どの企画にも挑戦はつきものです。「THE SWARM/ザ・スウォーム」に関しては新しい音の使い方にチャレンジしました。本作はモンスターものとして描いていますが、視聴者は最後の最後までその姿を見ることがないので、生命体が発する音や海の音のリアル感にこだわり、見えないけれども感じることのできるキャラクターとして表現しました。
また、本作に取り掛かったのはパンデミックが起きる前だったのですが、世界各国にいるキャラクターがお互いに連絡を取るという設定を考えた時に、ビデオ通話をどのように映像で表現するかというのは課題の一つでした。ビデオ通話のシーンはただ単にモニターに顔が映っているというのではなく、アップにしたり、色々な形の表現を試行錯誤したりしながら作っていきました。
それから、いかに視聴者にとってリアルな世界の物語だと感じてもらえるようにするかというのもチャレンジの1つでした。ファンタジーや超自然的な要素を含む物語ですが、うまくバランスをとってリアリティーを失わないように表現するのが難しいポイントです。実はこれは「ゲーム・オブ・スローンズ」の時も悩みました。「THE SWARM/ザ・スウォーム」は様々な部分で新しいチャレンジができた作品となりました。
――ドイツ、フランスをはじめ各国の放送局が参画しています。その中で日本から初めてHulu Japanが参画したことの意義や期待することなどを教えてください。
私が「国際的」と言われる作品に関わり始めたのは主にHBOの作品が中心だったのですが、当時は北米やヨーロッパなど限定された国だけが関わっているにもかかわらず、「国際的」と呼んでいることが多かったです。
私の制作会社、インタグリオ・フィルムズを創立した時に「国際的な企画というのは、場所やキャストよりも、その題材がより多くの国の人々にとってインパクトがあり、感情面に響くかどうかが重要だ」と言ったことを覚えています。
その点、まさに今回の「THE SWARM/ザ・スウォーム」は真の意味で国際的な作品と言えるのではないかと思います。原作ではヨーロッパを中心に描かれており、アメリカや日本、中国が悪役的に描かれているのですが、先ほど申し上げたようにそういった作品にはしたくありませんでしたし、今回ご一緒したパートナーの方々はそういった私の意見に賛同し、信頼して下さいました。
また、Hulu Japanとは別の企画も進めており、それはさらに多くの国々が関わるプロジェクトとなっています。

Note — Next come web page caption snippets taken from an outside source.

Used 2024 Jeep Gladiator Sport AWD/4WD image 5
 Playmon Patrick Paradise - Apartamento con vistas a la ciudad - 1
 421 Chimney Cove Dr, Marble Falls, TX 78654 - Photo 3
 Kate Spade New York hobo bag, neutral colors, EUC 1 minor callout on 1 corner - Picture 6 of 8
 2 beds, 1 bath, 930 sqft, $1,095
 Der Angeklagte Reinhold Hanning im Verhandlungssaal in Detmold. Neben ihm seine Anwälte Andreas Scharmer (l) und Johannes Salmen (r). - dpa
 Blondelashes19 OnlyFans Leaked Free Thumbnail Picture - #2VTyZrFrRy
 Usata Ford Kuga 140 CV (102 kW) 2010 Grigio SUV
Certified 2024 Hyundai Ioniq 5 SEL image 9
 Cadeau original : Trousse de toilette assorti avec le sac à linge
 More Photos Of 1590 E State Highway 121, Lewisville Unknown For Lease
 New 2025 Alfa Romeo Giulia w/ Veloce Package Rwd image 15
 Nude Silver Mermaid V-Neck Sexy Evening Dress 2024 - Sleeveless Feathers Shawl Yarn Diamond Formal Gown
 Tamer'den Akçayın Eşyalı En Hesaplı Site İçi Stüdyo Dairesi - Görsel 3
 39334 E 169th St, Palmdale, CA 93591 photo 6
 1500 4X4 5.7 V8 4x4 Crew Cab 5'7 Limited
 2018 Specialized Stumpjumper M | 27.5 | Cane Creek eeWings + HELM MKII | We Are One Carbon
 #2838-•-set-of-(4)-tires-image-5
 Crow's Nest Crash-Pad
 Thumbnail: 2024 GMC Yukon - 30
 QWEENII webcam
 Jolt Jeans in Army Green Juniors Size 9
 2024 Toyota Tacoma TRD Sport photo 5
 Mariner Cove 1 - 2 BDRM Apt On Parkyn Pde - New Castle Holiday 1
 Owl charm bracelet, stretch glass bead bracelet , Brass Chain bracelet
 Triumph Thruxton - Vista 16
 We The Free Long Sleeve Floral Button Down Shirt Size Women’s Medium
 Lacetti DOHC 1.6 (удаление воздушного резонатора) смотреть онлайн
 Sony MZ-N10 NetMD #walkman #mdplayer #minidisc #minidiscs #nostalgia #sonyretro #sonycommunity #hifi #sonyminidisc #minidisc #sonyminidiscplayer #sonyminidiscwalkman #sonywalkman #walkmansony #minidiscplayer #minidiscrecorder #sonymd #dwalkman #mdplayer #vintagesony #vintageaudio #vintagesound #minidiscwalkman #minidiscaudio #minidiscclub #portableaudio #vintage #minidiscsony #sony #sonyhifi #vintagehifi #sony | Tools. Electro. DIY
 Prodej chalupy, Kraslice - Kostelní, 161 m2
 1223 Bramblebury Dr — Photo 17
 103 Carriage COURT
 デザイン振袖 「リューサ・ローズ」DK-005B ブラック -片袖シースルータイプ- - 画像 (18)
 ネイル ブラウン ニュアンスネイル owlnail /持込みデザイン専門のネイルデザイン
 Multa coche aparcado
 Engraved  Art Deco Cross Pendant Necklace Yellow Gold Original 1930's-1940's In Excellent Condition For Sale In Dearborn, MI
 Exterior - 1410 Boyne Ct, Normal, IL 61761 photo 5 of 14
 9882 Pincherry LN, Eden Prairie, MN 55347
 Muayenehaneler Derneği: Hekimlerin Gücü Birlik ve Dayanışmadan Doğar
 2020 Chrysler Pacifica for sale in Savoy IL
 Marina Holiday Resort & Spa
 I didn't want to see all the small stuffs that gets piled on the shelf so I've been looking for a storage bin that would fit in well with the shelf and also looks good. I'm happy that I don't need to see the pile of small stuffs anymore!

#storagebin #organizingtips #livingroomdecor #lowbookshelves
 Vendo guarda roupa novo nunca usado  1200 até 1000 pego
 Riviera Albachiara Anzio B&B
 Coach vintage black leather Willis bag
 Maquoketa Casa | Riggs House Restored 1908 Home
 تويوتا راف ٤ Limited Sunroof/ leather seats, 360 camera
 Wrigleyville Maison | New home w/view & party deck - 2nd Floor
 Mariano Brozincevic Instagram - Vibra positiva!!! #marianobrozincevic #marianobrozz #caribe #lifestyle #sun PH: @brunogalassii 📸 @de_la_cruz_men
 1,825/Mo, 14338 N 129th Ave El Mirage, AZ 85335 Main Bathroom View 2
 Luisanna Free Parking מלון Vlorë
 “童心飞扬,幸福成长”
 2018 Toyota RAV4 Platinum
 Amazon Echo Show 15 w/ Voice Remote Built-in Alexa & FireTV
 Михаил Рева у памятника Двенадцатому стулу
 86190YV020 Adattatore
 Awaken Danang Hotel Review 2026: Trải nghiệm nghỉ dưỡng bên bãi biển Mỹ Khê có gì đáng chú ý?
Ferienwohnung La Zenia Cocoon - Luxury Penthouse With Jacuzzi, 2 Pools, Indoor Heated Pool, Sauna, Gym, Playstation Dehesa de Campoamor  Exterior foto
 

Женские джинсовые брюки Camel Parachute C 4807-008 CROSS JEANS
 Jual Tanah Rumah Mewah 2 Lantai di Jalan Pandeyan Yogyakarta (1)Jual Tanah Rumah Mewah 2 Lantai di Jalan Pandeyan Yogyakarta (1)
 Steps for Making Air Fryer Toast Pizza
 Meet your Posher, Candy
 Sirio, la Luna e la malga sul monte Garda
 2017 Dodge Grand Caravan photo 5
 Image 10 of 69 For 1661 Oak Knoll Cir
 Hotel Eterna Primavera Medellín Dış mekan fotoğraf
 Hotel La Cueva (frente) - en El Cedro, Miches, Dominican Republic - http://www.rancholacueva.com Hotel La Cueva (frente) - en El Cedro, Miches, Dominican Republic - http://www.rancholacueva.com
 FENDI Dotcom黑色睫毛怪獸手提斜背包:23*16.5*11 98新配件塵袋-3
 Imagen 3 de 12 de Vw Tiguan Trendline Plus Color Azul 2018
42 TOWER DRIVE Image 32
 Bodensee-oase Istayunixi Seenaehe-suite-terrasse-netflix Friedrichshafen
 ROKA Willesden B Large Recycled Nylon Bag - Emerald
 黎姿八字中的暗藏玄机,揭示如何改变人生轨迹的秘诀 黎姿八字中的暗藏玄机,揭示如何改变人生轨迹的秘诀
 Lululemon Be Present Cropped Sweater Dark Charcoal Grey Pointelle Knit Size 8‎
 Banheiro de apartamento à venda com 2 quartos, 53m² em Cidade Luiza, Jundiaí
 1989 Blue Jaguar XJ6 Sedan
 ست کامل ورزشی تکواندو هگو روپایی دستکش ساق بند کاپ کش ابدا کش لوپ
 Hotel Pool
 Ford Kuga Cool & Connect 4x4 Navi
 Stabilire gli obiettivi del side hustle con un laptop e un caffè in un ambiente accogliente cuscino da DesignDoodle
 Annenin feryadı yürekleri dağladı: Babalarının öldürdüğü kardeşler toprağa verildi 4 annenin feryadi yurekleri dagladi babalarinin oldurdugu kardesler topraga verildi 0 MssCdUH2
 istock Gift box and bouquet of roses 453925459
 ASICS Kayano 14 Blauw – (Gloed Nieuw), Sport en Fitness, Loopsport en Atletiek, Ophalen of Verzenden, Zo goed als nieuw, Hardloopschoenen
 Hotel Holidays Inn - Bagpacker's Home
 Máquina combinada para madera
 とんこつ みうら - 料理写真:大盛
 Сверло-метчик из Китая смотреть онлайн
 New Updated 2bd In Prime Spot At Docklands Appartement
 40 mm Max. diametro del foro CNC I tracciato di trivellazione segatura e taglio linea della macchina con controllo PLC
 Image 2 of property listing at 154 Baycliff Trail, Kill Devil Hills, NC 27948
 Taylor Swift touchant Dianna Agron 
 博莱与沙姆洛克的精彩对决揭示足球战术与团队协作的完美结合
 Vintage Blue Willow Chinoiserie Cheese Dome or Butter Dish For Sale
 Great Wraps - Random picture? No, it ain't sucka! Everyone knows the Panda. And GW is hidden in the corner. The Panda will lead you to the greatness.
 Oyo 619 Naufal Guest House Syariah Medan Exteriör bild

今作の制作を通じて、“国際的な作品がどういうものなのか”を改めて再定義することができました。
日本から参加の木村拓哉について
――木村拓哉さんが演じたミフネという役について教えてください。
今回のストーリー終盤で、科学者たちが国際委員会に訴えて北極海に船を出そうとするのですが、費用が出せないと断られてしまいます。その時に頼る相手が必要だと考えていました。金銭的な支援をして科学者たちを後押しする役割を果たすキャラクターは、海と深く関わりのある国の方がいいなと思いました。そこで思い出したのが、先進国の中でも特に海と深い関わりを持つ日本です。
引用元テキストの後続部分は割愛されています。